◆ Assigned task ◆
Filter these entries so that only lines with the word "Silver" remain.

◆ Data shown ◆
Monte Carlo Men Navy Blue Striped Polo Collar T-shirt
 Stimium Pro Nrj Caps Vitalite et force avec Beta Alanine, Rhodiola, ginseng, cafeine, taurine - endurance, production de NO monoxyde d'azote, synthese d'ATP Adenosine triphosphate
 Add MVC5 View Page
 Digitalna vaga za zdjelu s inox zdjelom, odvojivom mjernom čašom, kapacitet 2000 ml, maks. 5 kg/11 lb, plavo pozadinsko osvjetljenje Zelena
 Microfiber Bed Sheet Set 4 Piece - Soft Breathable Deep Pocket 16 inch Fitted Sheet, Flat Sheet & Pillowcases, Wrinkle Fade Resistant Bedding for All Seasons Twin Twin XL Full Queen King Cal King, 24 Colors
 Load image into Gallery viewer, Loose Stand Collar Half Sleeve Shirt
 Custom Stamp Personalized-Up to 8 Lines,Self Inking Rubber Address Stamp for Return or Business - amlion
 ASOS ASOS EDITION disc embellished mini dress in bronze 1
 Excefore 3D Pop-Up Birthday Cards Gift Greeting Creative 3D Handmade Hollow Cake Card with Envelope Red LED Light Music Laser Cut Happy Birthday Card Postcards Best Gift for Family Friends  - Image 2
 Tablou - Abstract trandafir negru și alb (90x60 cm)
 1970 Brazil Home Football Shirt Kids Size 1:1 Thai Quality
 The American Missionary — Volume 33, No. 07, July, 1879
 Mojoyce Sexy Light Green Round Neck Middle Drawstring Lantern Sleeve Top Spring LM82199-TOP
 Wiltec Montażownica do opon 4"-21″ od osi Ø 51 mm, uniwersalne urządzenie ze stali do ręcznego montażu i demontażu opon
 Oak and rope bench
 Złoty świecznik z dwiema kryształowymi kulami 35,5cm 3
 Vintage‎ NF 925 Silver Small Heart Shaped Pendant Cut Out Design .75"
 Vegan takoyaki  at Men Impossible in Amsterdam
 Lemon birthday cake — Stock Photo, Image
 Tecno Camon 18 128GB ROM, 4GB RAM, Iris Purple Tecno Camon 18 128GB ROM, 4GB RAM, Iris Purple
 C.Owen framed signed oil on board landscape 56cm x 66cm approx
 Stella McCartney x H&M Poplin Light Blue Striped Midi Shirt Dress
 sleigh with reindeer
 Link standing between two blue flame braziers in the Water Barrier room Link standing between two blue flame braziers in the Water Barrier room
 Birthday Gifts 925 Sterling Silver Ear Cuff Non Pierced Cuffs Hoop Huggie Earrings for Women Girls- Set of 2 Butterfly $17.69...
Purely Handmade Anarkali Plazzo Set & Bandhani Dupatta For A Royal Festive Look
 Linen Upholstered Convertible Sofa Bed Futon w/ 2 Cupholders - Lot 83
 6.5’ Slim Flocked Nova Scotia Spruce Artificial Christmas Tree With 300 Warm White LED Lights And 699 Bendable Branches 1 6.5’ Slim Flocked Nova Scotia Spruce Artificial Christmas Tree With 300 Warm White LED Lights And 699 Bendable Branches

◆ Result ◆
 Vintage‎ NF 925 Silver Small Heart Shaped Pendant Cut Out Design .75"
 Birthday Gifts 925 Sterling Silver Ear Cuff Non Pierced Cuffs Hoop Huggie Earrings for Women Girls- Set of 2 Butterfly $17.69...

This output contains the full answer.